** Assignment **
Within the records below, filter for lines carrying the word "Building" and copy them.

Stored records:
╔══

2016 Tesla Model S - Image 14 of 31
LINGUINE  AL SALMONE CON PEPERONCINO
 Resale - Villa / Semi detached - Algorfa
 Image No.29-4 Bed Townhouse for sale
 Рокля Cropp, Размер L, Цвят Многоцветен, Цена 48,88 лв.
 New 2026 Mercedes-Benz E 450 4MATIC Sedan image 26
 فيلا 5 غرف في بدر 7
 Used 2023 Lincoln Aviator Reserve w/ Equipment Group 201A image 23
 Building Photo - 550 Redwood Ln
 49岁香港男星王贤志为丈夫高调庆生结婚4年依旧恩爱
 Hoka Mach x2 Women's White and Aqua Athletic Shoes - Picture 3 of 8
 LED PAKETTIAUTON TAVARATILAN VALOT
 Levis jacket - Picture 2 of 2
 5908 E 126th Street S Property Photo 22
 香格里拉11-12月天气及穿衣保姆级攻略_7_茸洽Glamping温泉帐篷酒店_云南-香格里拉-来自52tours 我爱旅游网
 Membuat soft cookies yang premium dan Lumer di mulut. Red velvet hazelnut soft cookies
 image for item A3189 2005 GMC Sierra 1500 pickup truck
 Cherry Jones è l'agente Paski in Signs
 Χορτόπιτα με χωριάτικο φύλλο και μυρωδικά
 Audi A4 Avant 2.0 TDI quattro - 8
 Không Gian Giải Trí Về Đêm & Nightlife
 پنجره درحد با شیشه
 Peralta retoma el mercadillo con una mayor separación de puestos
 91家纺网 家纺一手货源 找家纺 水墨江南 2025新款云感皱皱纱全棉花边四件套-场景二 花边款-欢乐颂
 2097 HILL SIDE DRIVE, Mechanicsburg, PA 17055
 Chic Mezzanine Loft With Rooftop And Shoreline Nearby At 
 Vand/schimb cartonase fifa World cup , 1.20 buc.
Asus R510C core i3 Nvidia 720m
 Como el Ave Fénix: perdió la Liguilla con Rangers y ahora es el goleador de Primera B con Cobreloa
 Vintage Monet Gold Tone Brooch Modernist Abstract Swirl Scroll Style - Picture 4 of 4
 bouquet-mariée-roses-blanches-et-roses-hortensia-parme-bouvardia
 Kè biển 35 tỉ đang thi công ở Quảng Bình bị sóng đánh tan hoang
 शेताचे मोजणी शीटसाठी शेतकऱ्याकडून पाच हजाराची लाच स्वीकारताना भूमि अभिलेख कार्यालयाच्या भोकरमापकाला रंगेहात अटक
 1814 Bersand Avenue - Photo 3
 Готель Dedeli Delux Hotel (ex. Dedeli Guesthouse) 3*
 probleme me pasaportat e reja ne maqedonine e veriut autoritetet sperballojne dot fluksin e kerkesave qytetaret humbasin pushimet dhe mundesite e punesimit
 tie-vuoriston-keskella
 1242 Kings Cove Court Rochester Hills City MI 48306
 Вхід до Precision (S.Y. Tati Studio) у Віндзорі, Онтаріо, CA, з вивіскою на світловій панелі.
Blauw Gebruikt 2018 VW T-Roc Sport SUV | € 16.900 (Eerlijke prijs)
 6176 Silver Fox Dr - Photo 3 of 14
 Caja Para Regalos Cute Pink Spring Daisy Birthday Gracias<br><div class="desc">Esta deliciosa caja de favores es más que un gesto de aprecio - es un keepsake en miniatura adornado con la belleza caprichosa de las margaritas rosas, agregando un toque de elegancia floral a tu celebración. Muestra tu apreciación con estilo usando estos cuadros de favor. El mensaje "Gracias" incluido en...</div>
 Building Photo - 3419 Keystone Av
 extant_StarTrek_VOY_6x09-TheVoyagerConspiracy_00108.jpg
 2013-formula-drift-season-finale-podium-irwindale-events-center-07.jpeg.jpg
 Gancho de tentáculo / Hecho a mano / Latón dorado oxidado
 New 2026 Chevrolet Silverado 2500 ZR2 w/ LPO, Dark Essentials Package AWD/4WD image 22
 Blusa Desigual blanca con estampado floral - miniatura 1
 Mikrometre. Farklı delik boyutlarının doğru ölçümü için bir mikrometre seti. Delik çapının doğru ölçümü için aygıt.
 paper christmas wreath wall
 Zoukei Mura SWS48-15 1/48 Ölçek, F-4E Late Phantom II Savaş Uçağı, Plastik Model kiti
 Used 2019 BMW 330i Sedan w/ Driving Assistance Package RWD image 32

╚══

** Task result **
 Building Photo - 550 Redwood Ln
 Building Photo - 3419 Keystone Av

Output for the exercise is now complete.